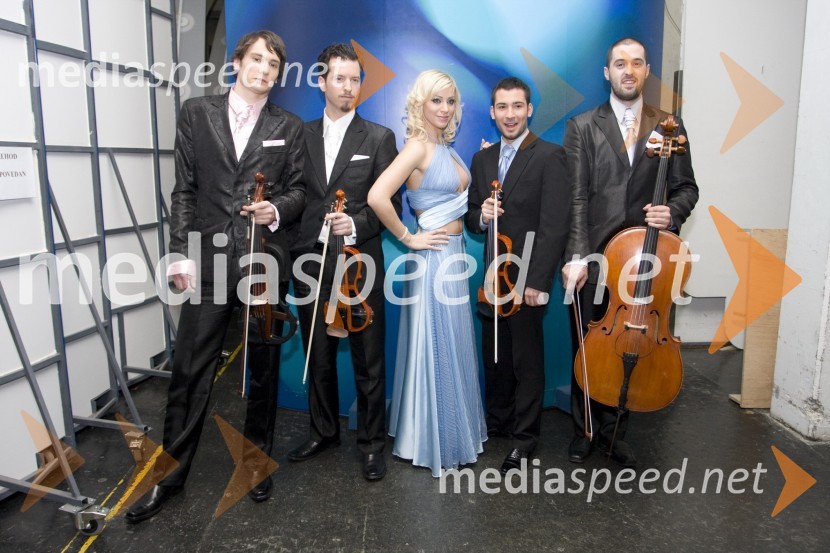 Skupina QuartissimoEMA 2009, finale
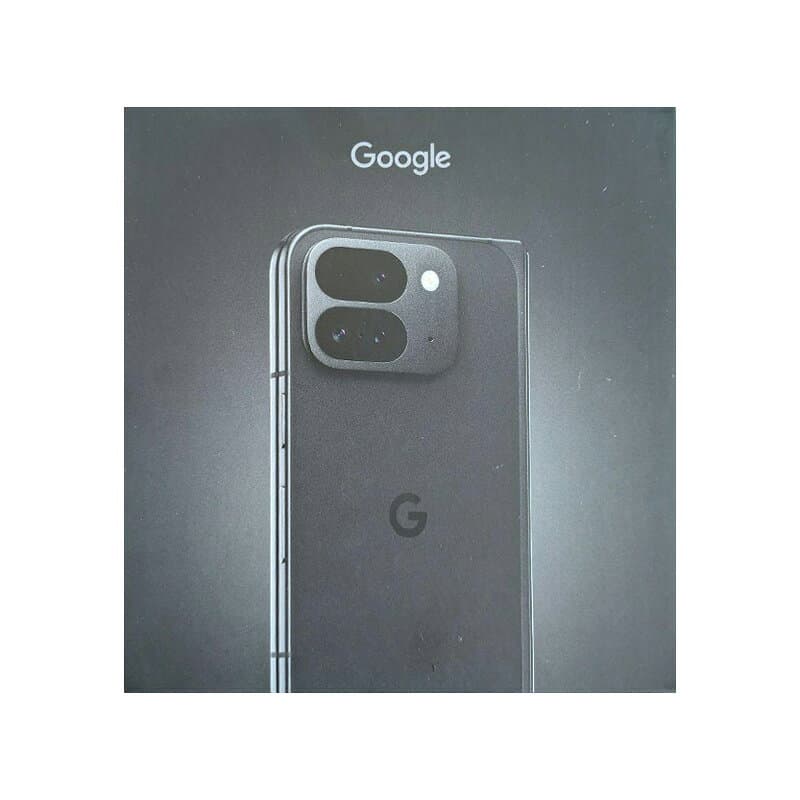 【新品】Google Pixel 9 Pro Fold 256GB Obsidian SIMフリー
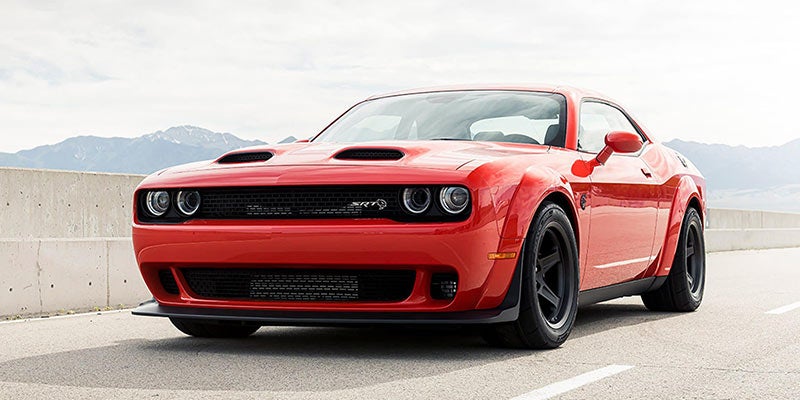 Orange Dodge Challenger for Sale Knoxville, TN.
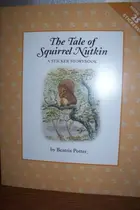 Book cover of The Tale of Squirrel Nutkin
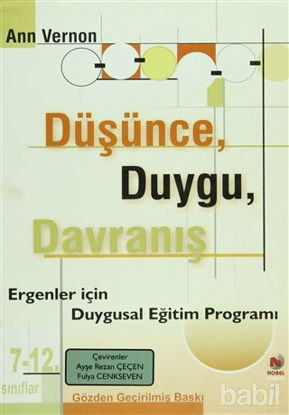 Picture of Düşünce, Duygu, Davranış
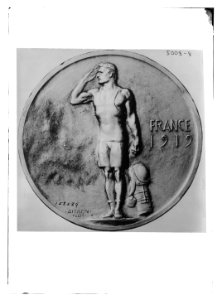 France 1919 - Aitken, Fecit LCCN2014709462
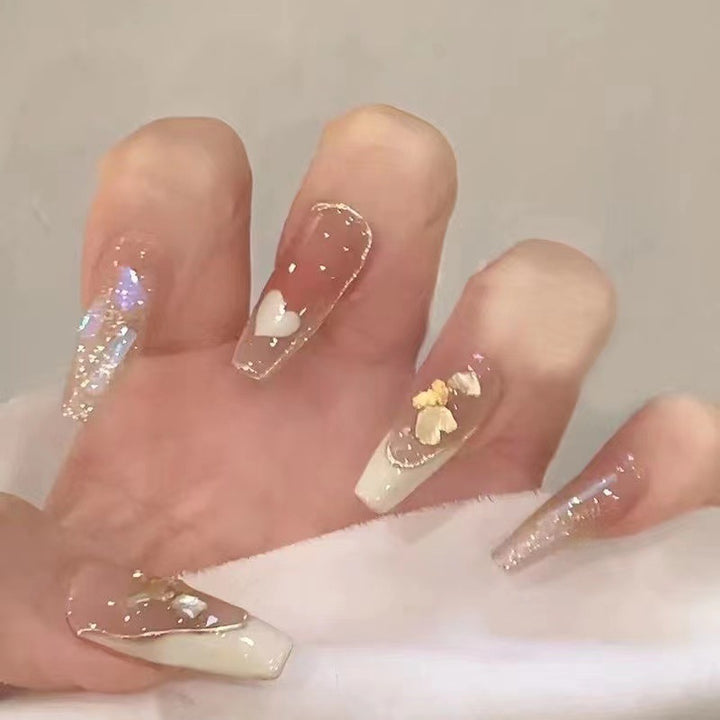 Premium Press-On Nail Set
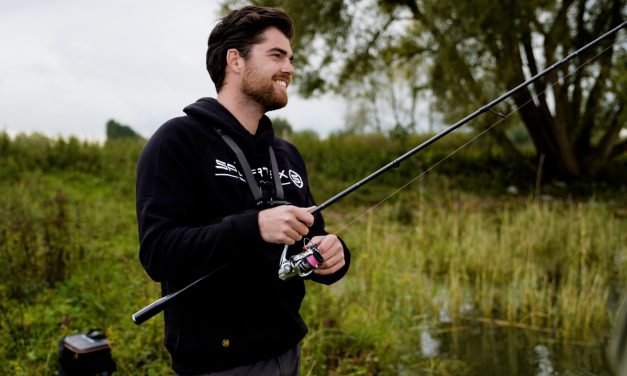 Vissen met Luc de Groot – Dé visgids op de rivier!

Exercise instructions
Would it be possible to give the material above again exactly, with the pictures left out?

Output
 Skupina QuartissimoEMA 2009, finale
 【新品】Google Pixel 9 Pro Fold 256GB Obsidian SIMフリー
 Orange Dodge Challenger for Sale Knoxville, TN.
 Book cover of The Tale of Squirrel Nutkin
 Picture of Düşünce, Duygu, Davranış
 France 1919 - Aitken, Fecit LCCN2014709462
 Premium Press-On Nail Set
 Vissen met Luc de Groot – Dé visgids op de rivier!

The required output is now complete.